We start with **BM25 retrieval** as a source of candidate documents:

- Positives are guaranteed to be included (if retrieved).
- Negatives are chosen from the **top BM25 results that are not in the gold standard**.
    - These negatives are **“hard negatives”**, because they were highly ranked by BM25 but are not relevant.
    - Training on these improves discrimination compared to random negatives.

In [18]:
def train_model(model, tokenizer, training_questions_file, training_ranked_file, corpus_file, device, batch_size=64, epochs=5, lr=1e-3):
    print("Loading training dataset...")

    timestamp = datetime.now().strftime('%Y%m%d_%H%M%S')

    train_dataset = PointWiseDataset(training_questions_file, training_ranked_file, corpus_file, tokenizer, return_label=True)

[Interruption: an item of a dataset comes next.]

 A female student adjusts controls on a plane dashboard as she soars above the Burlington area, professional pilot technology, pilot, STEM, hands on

    # Determine max lengths
    q_lens = [len(train_dataset[i]["question_token_ids"]) for i in range(len(train_dataset))]
    d_lens = [len(train_dataset[i]["document_token_ids"]) for i in range(len(train_dataset))]
    max_q_len = max(3, max(q_lens))
    max_d_len = max(3, max(d_lens))
    print(f"Max Q length: {max_q_len}, Max D length: {max_d_len}")

    train_loader = DataLoader(
        train_dataset,
        batch_size=batch_size,
        collate_fn=build_collate_fn(tokenizer, max_q_len, max_d_len),
        shuffle=True,
        pin_memory=(device.type == 'cuda')
    )

    loss_fn = nn.BCEWithLogitsLoss()
    optimizer = torch.optim.Adam(model.parameters(), lr=lr)

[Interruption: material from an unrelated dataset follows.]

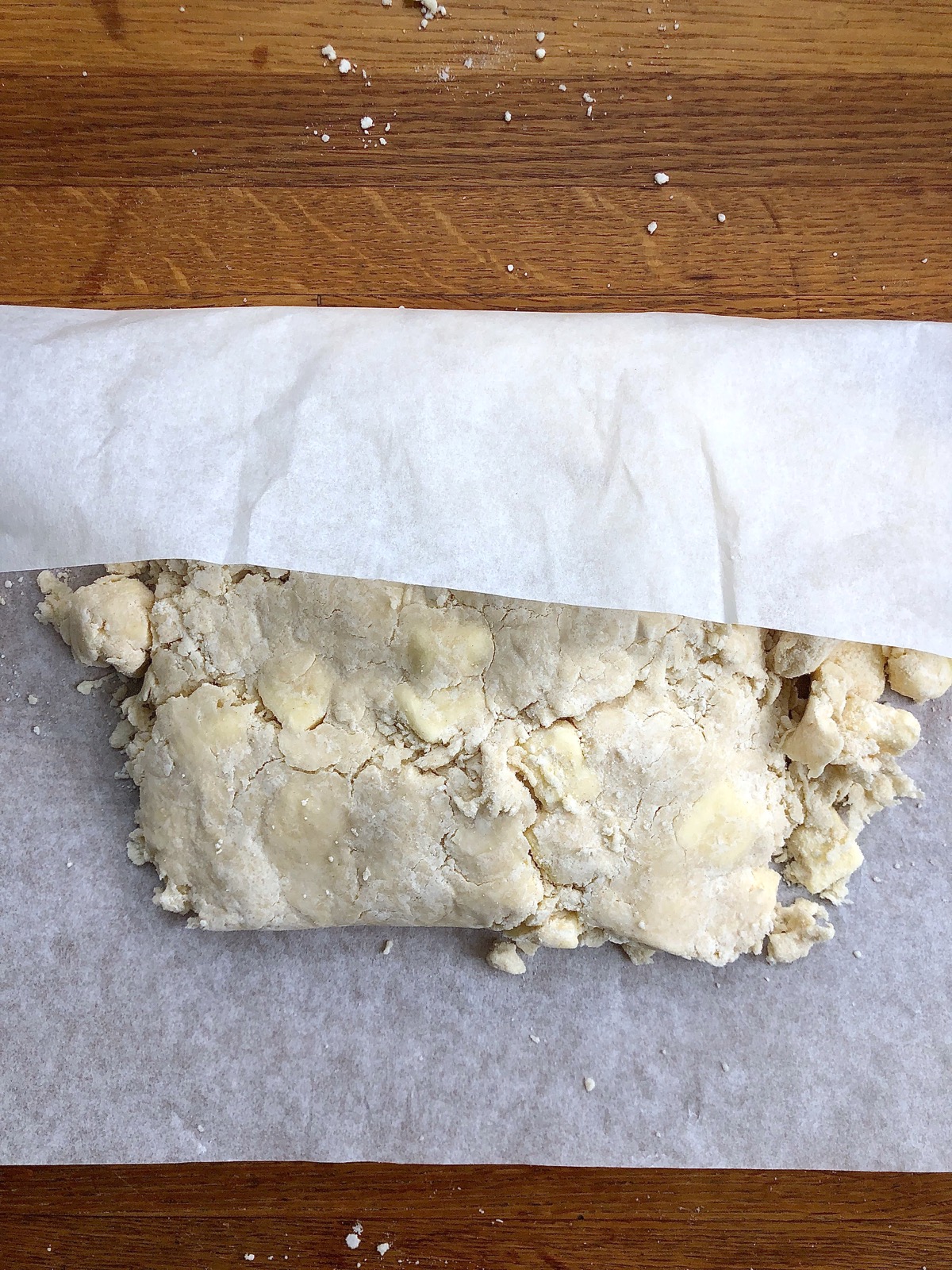 Clumps of pie dough pressed atop one another with the aid of parchment paper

    best_vloss = 1_000_000.

    for epoch in range(epochs):
        print('EPOCH {}:'.format(epoch + 1))
        model.train(True)

        running_loss = 0.
        last_loss = 0.

        for i, data in enumerate(train_loader):
            qids = data["question_token_ids"]
            dids = data["document_token_ids"]
            labels = data["label"]

            optimizer.zero_grad()
            scores = model(qids, dids)
            loss = loss_fn(scores, labels)
            loss.backward()
            optimizer.step()

            running_loss += loss.item()

            if i % 1000 == 999:
                last_loss = running_loss / 1000
                print('  batch {} loss: {}'.format(i + 1, last_loss))
                running_loss = 0.

        running_vloss = 0.0
        # Set the model to evaluation mode, disabling dropout and using population
        # statistics for batch normalization.
        model.eval()

        # Disable gradient computation and reduce memory consumption.
        with torch.no_grad():
            for i, vdata in enumerate(train_loader): # validation loader is the same as the train loader
                qids = vdata["question_token_ids"]
                dids = vdata["document_token_ids"]
                labels = vdata["label"]

                voutputs = model(qids, dids)
                vloss = loss_fn(voutputs, labels)
                running_vloss += vloss.item()

        avg_vloss = running_vloss / (i + 1)
        print('LOSS train {} valid {}'.format(last_loss, avg_vloss))

        # Track best performance, and save the model's state
        if avg_vloss < best_vloss:
            best_vloss = avg_vloss
            model_path = '../output/model/model_{}_{}.pt'.format(timestamp, epoch + 1)
            torch.save(model.state_dict(), model_path)

    return model

## Create Model

The CNNInteractionBasedModel is a PyTorch neural network model designed to rerank documents based on their relevance to a given query. It leverages convolutional layers to capture interactions between query and document embeddings.

**Key Components**:

- **Embedding Layer**: Converts token IDs into dense vectors. Supports loading pretrained embeddings (e.g., GloVe).
- **Convolutional Layer**: Captures local interactions between query and document embeddings.
- **Activation Function**: Applies ReLU activation to introduce non-linearity.
- **Pooling Layer**: Aggregates features using adaptive max pooling.
- **Fully Connected Layer**: Maps extracted features to a single relevance score.

In [None]:
# Cell 3: Tokenizer + Embeddings + Model
tokenizer = Tokenizer()
questions = get_questions(TRAIN_Q_FILE)
documents = get_all_doc_texts(TRAIN_Q_FILE, TRAIN_BM25_FILE, CORPUS_FILE)
tokenizer.fit(questions + documents)

if os.path.exists(PRETRAINED_EMB):
    print("Loading pretrained embeddings...")
    pretrained_embeddings = load_pretrained_embeddings(PRETRAINED_EMB, tokenizer, embedding_dim=300)
else:
    print("No pretrained embeddings found, using random init.")
    pretrained_embeddings = None

print("Vocabulary size is: ", tokenizer.vocab_size)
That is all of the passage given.